> **EXERCISE AIM**: A word-for-word copy of the records that follow is needed, with every picture omitted.

> **STUDY MATERIAL**:
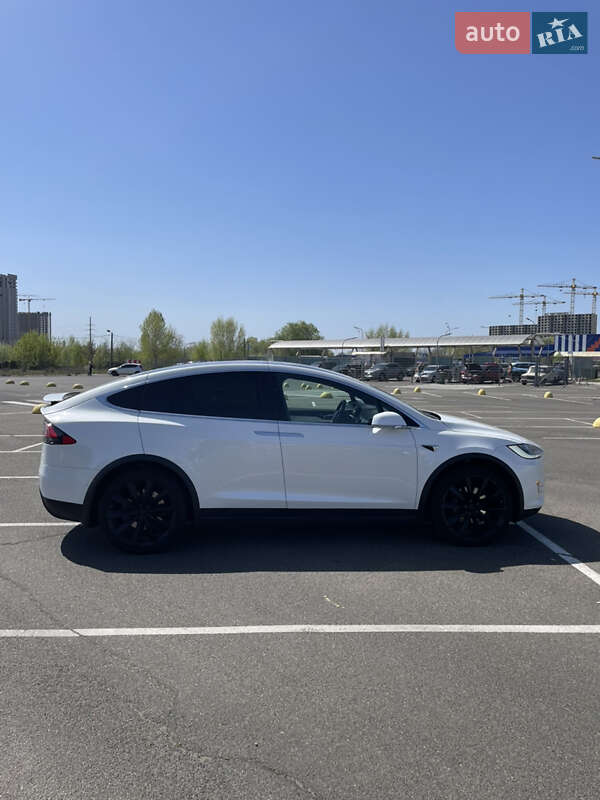 Внедорожник / Кроссовер Tesla Model X 2017 в Киеве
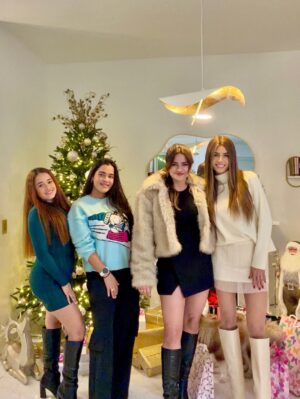 Osmariel Villalobos Instagram - Esta Navidad no es como las demás… Me encuentra diferente, pero más consciente ✨
Este año he aprendido a vivir un día a la vez.
A agradecer lo simple.
A ser valiente incluso con miedo.
No ha sido fácil, pero ha sido real.
He aprendido que ser fuerte no siempre es resistir,
a veces es confiar,
otras, simplemente seguir.
Esta Navidad, mi mayor regalo es seguir adelante a abrazar la vida, tal como viene.
Mientras haya fe, siempre habrá un mañana.
Esta Navidad no celebro que todo esté resuelto,
celebro la vida, la esperanza, la fe, la certeza y que todo lo bueno que sigue llegando 🙏
Gracias a quienes han caminado conmigo en este proceso! Feliz navidad para todos ✨🌲🎅❤️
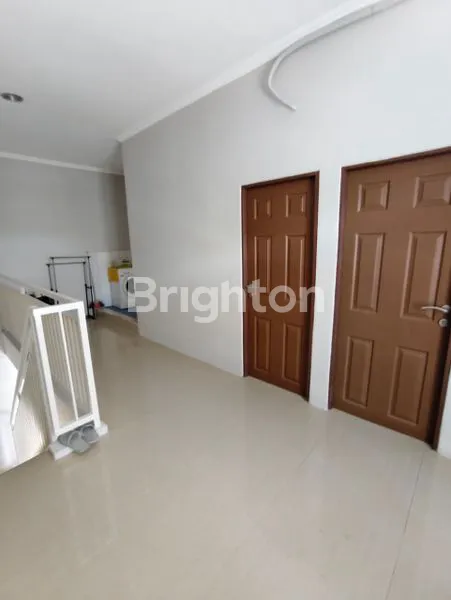 image RUMAH MINIMALIS 2 LANTAI PUTRA BANGSA RUNGKUT DEKAT MERR DAN UPN (2)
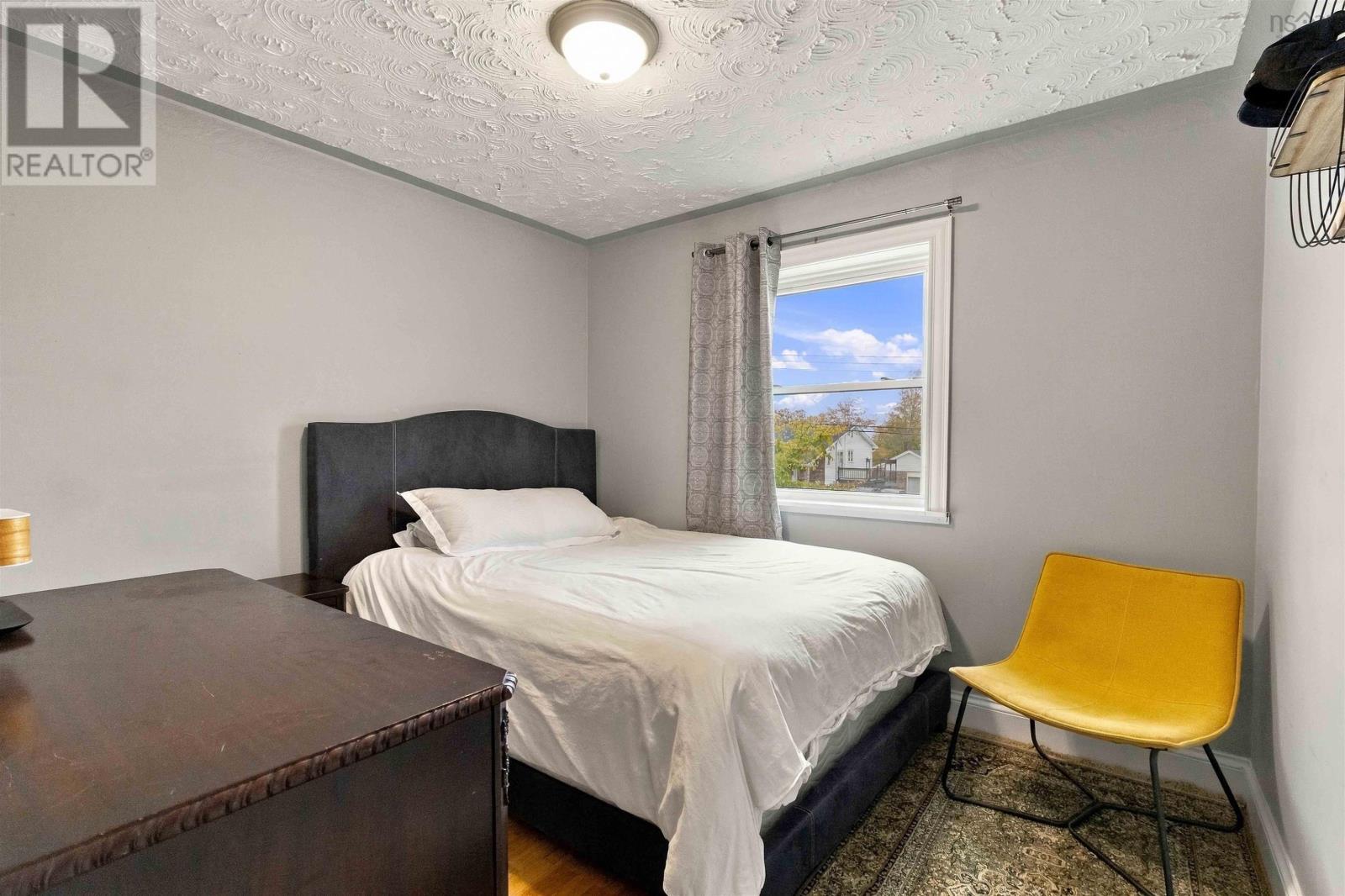 22 Cedar Crescent - 26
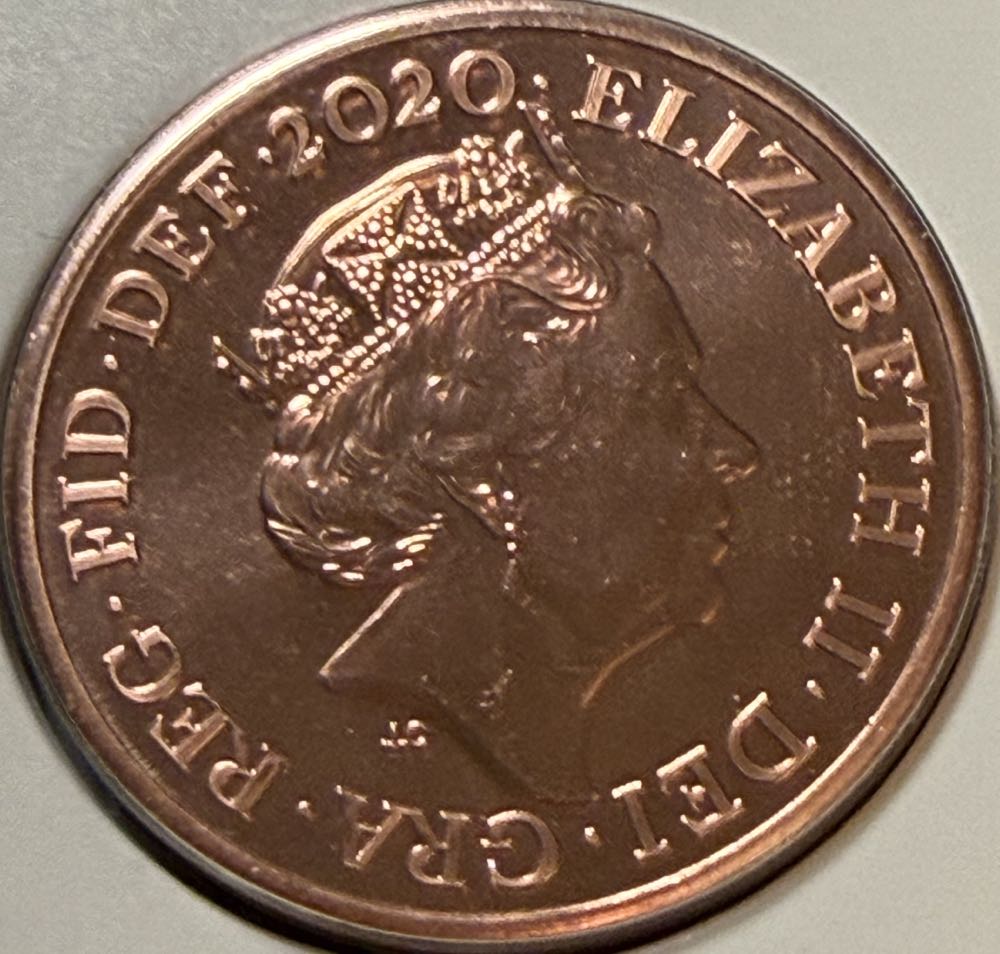 2020 Shield 2p  coin collectible - Main Image 2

> **REPLY TO THE EXERCISE**:
 Внедорожник / Кроссовер Tesla Model X 2017 в Киеве
 Osmariel Villalobos Instagram - Esta Navidad no es como las demás… Me encuentra diferente, pero más consciente ✨
Este año he aprendido a vivir un día a la vez.
A agradecer lo simple.
A ser valiente incluso con miedo.
No ha sido fácil, pero ha sido real.
He aprendido que ser fuerte no siempre es resistir,
a veces es confiar,
otras, simplemente seguir.
Esta Navidad, mi mayor regalo es seguir adelante a abrazar la vida, tal como viene.
Mientras haya fe, siempre habrá un mañana.
Esta Navidad no celebro que todo esté resuelto,
celebro la vida, la esperanza, la fe, la certeza y que todo lo bueno que sigue llegando 🙏
Gracias a quienes han caminado conmigo en este proceso! Feliz navidad para todos ✨🌲🎅❤️
 image RUMAH MINIMALIS 2 LANTAI PUTRA BANGSA RUNGKUT DEKAT MERR DAN UPN (2)
 22 Cedar Crescent - 26
 2020 Shield 2p  coin collectible - Main Image 2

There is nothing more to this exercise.